[Brief descriptive captions]

§ §

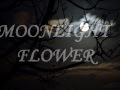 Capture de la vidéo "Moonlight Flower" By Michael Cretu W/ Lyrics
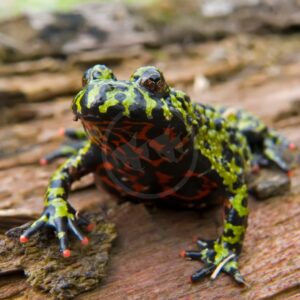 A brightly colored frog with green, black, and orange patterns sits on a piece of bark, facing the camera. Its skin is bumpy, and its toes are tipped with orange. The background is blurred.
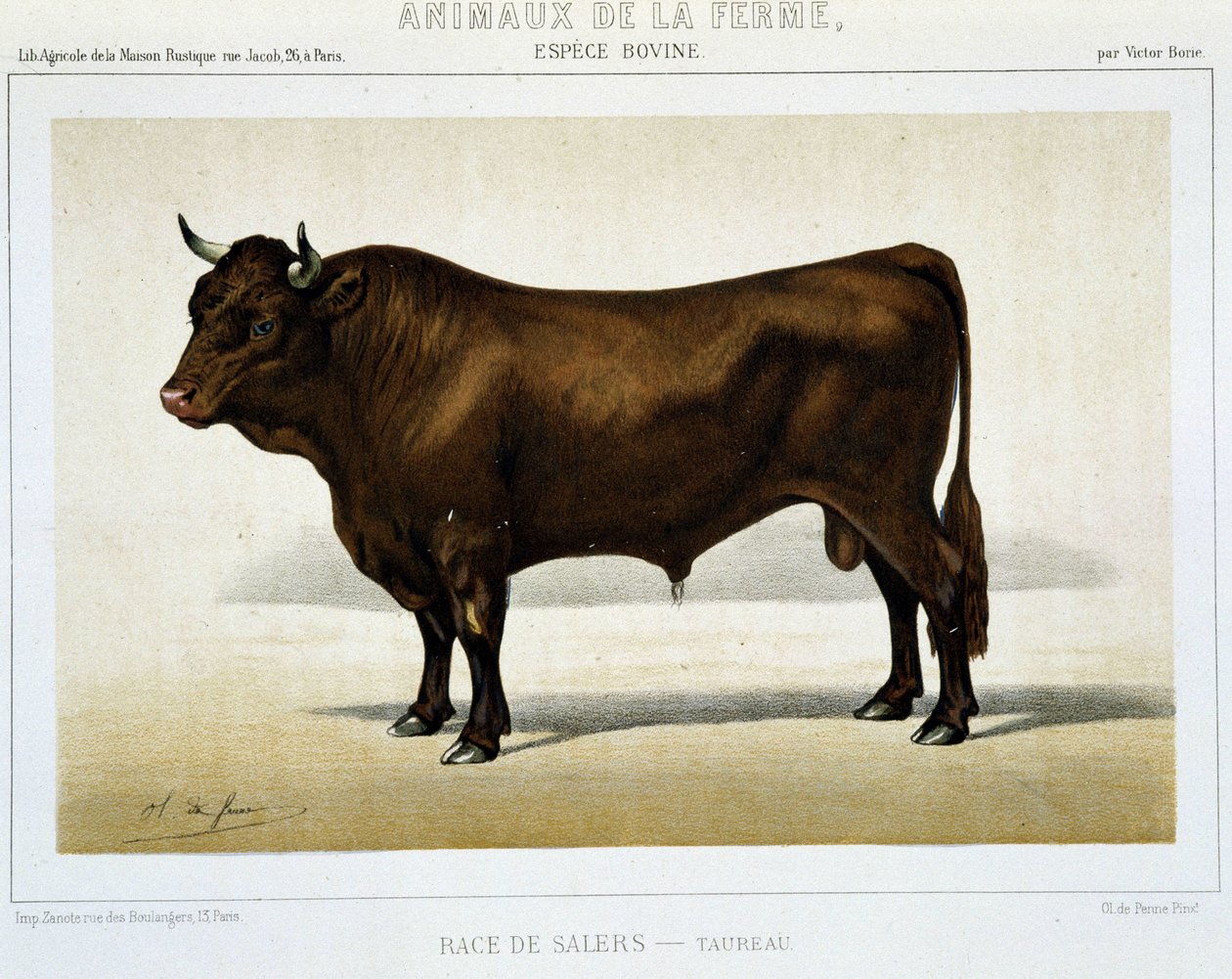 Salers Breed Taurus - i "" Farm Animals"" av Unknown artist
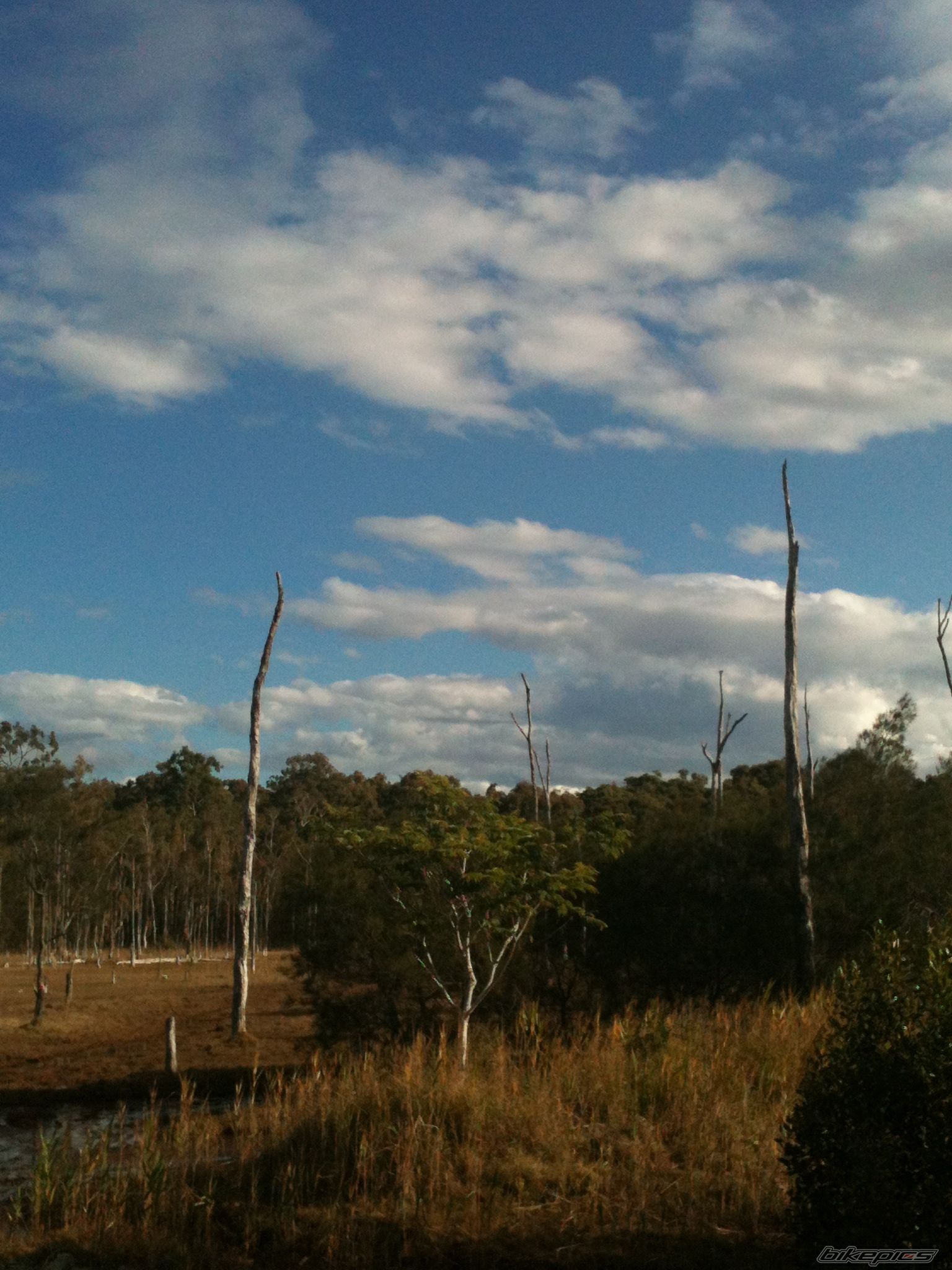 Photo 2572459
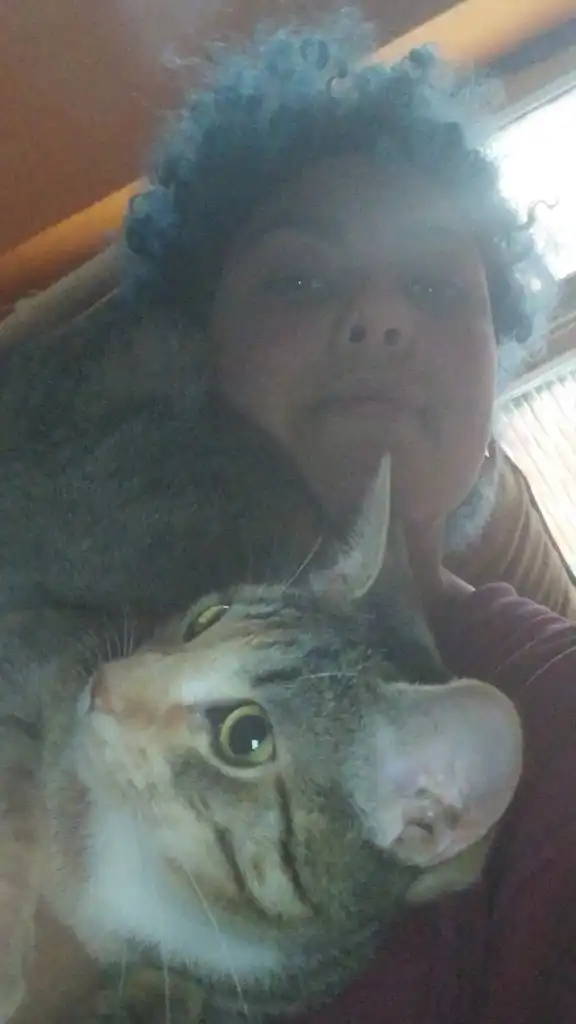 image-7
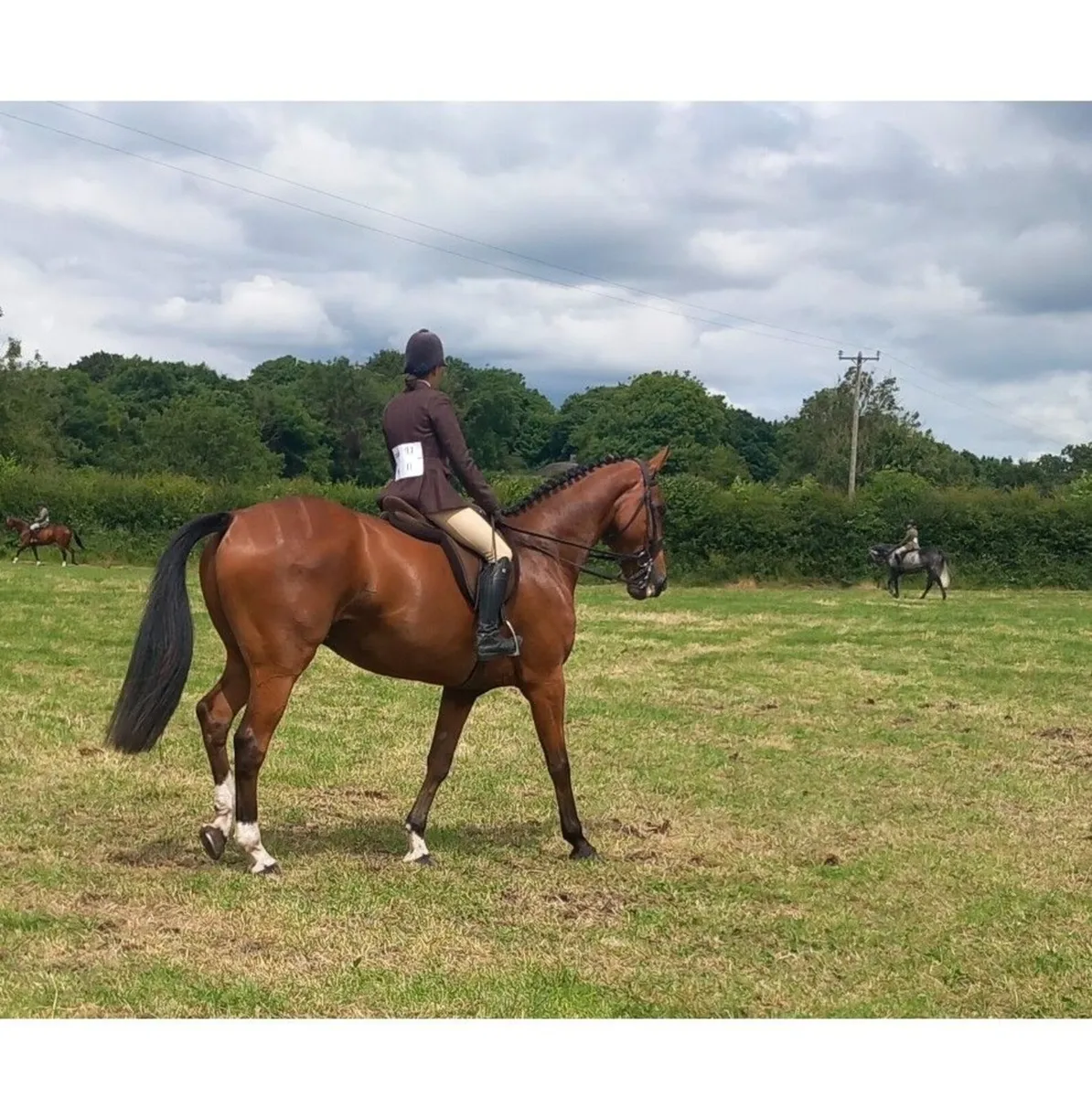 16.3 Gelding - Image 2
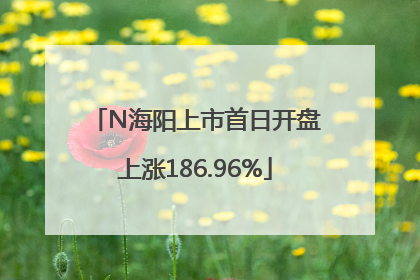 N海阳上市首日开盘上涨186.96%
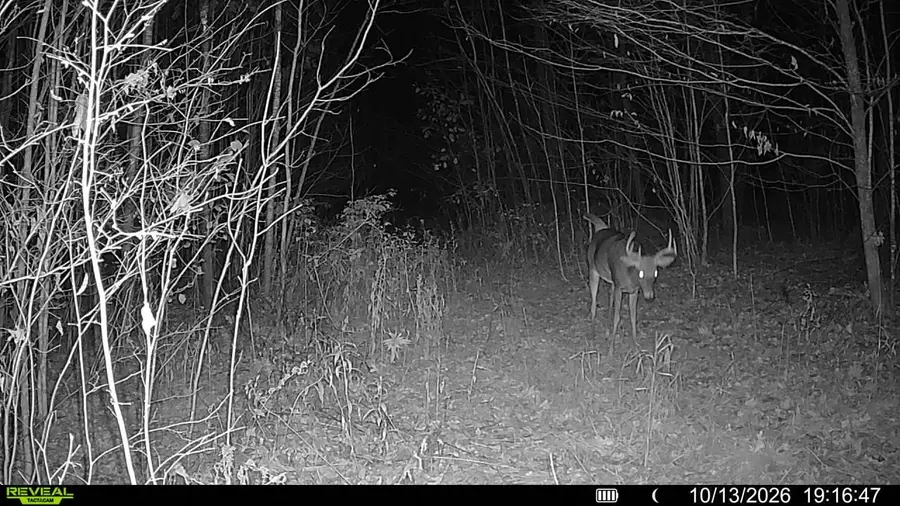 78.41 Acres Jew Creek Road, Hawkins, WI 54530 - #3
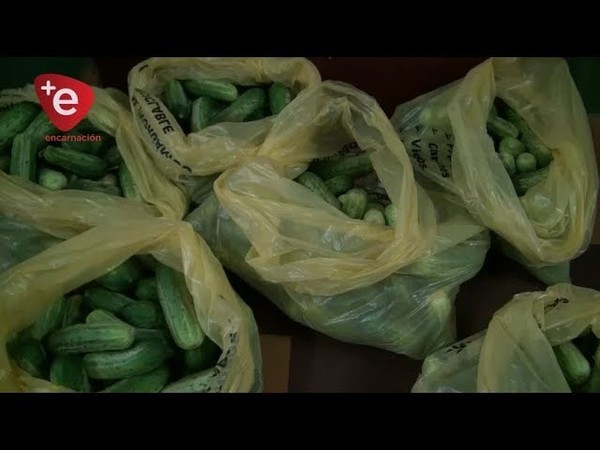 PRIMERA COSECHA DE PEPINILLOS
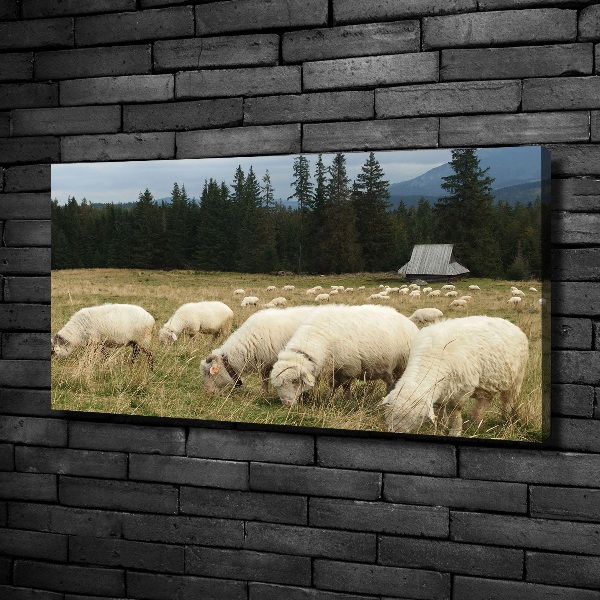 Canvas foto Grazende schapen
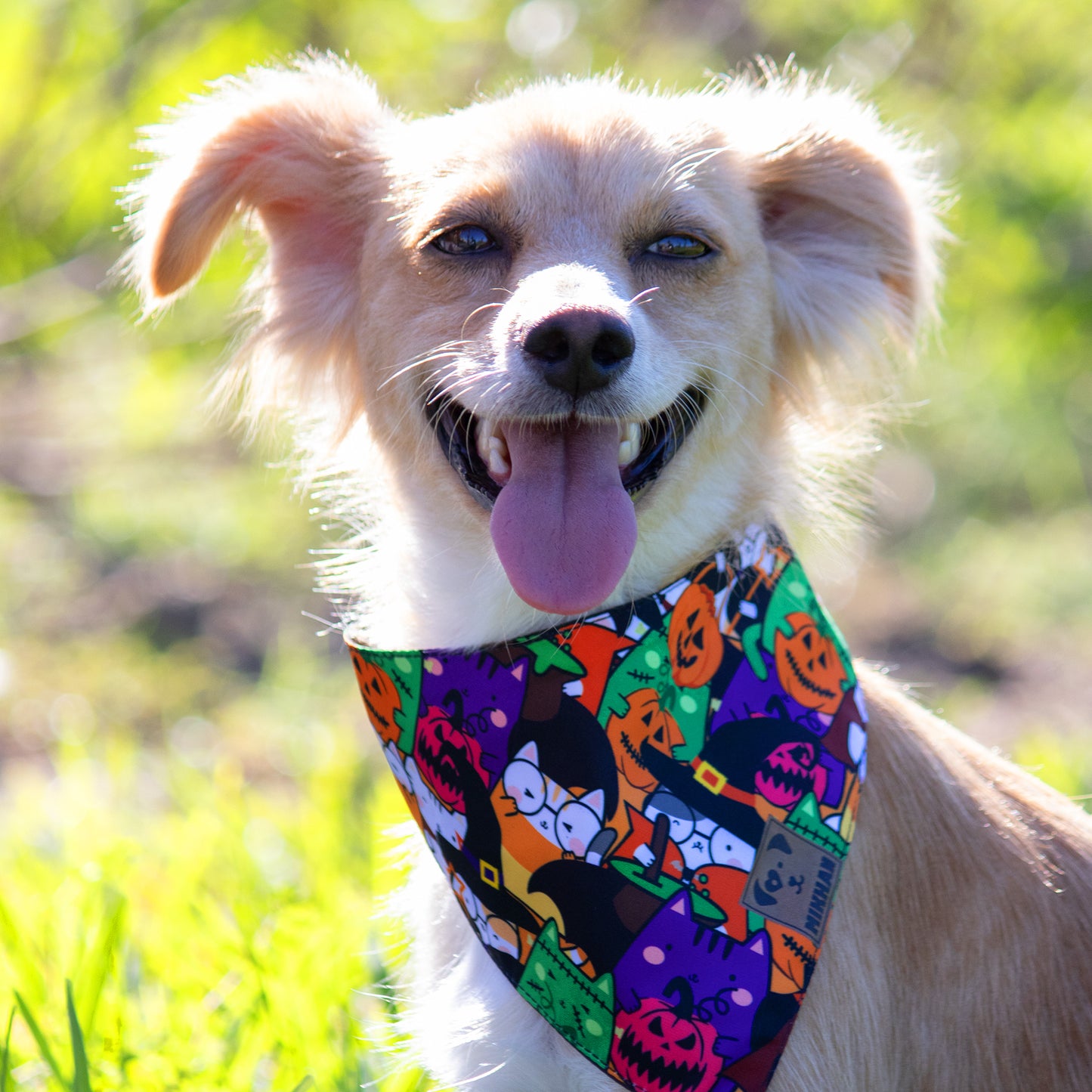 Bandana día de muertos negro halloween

§ §

> Task instructions
Within the entries above, the lines from the one with "78.41 Acres Jew" through the final line are to be printed exactly, with the pictures removed.

> Result of this exercise
 78.41 Acres Jew Creek Road, Hawkins, WI 54530 - #3
 PRIMERA COSECHA DE PEPINILLOS
 Canvas foto Grazende schapen
 Bandana día de muertos negro halloween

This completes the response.